DIRECTIONS FOR THIS TASK — Transcribe, word for word, every line from the one containing "9501 E 92nd Street N, Owasso, OK 74055" through the final line of the records, and omit the pictures.

Scraped caption text data
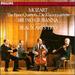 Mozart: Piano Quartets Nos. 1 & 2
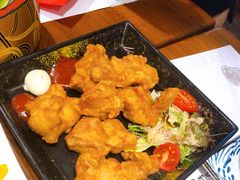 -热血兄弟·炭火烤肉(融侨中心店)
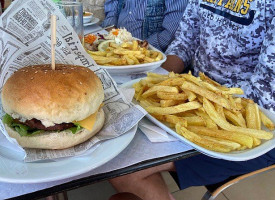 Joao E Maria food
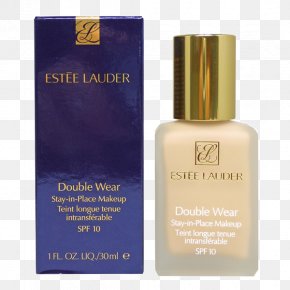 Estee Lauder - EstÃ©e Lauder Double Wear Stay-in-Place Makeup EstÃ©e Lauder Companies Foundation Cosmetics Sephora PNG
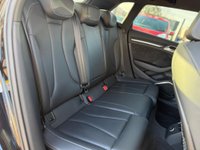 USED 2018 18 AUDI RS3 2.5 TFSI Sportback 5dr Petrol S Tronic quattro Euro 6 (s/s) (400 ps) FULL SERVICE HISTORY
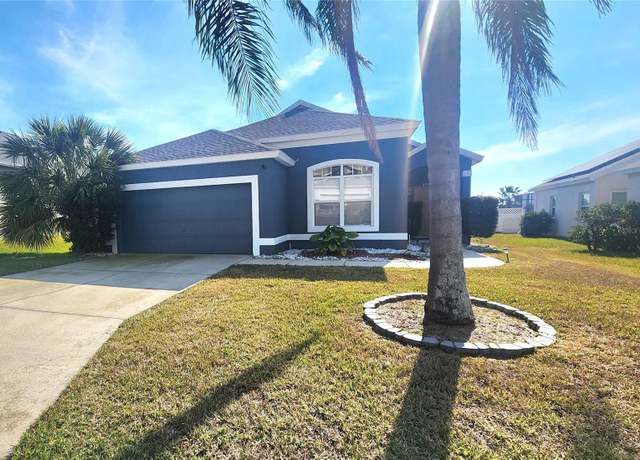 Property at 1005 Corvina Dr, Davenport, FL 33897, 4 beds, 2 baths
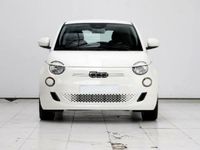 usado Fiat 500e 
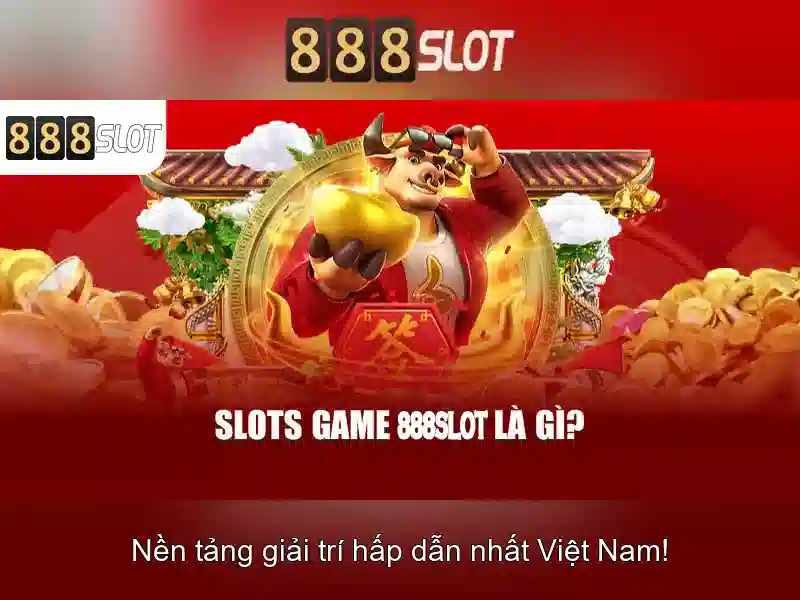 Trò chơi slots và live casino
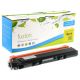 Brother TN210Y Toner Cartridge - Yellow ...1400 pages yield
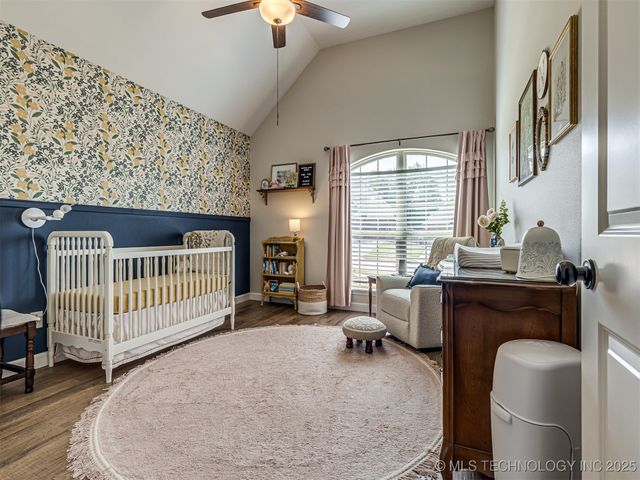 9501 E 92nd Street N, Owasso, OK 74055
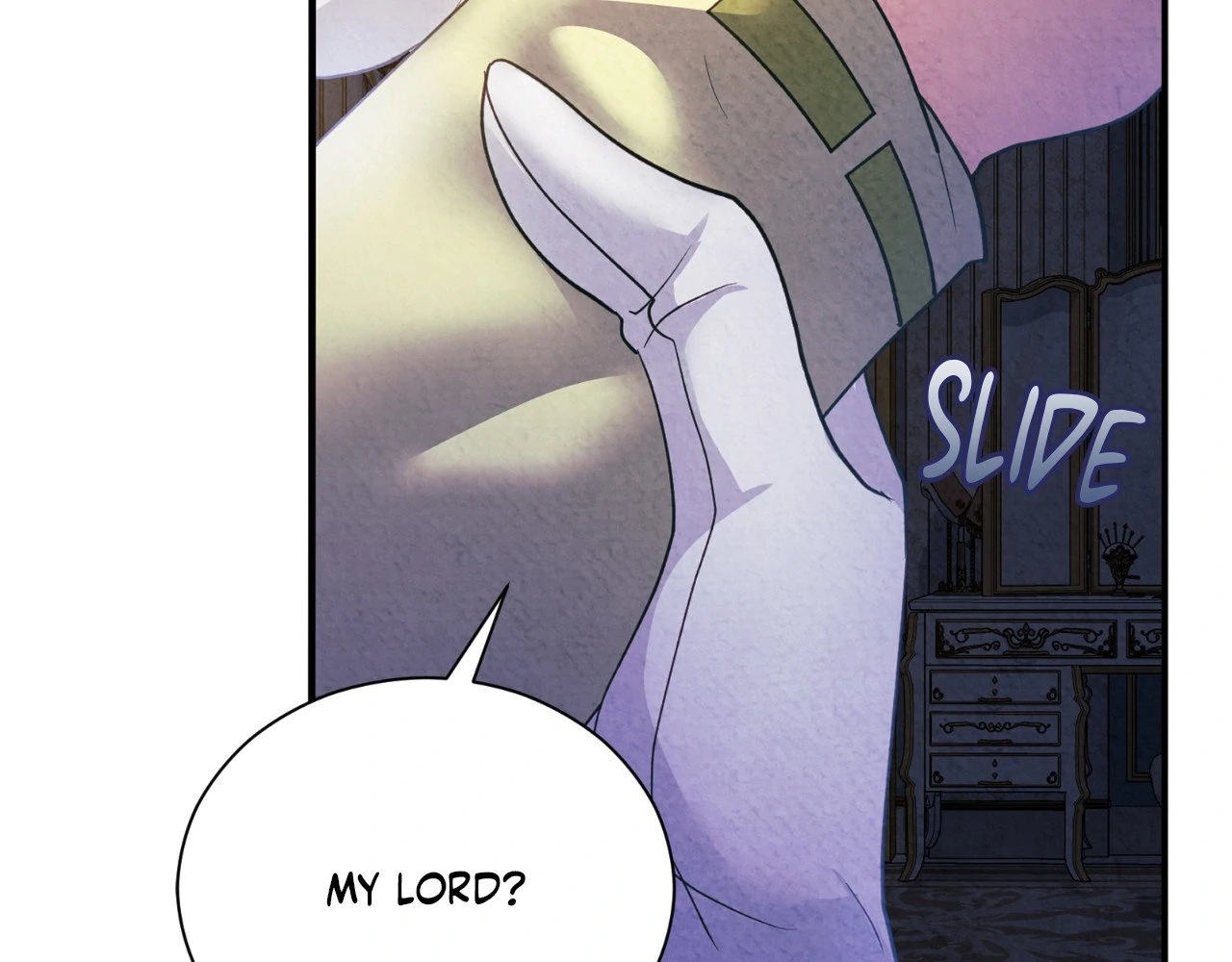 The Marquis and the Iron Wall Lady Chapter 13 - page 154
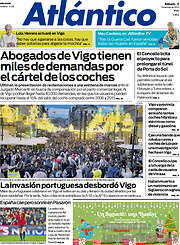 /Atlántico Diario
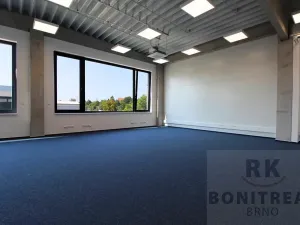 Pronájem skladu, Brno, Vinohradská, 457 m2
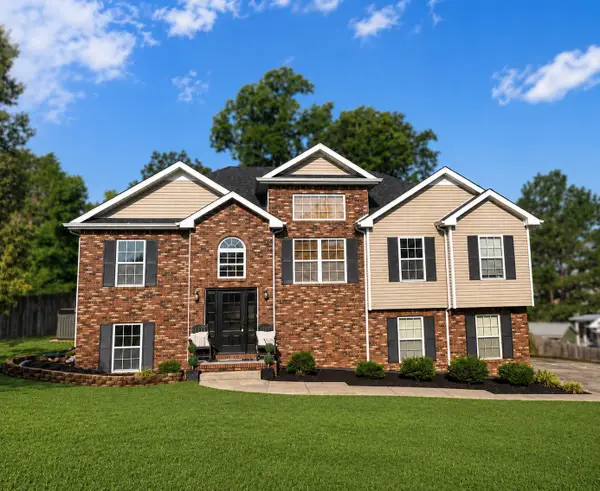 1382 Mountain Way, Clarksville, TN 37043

ANSWER SECTION —
 9501 E 92nd Street N, Owasso, OK 74055
 The Marquis and the Iron Wall Lady Chapter 13 - page 154
 /Atlántico Diario
 Pronájem skladu, Brno, Vinohradská, 457 m2
 1382 Mountain Way, Clarksville, TN 37043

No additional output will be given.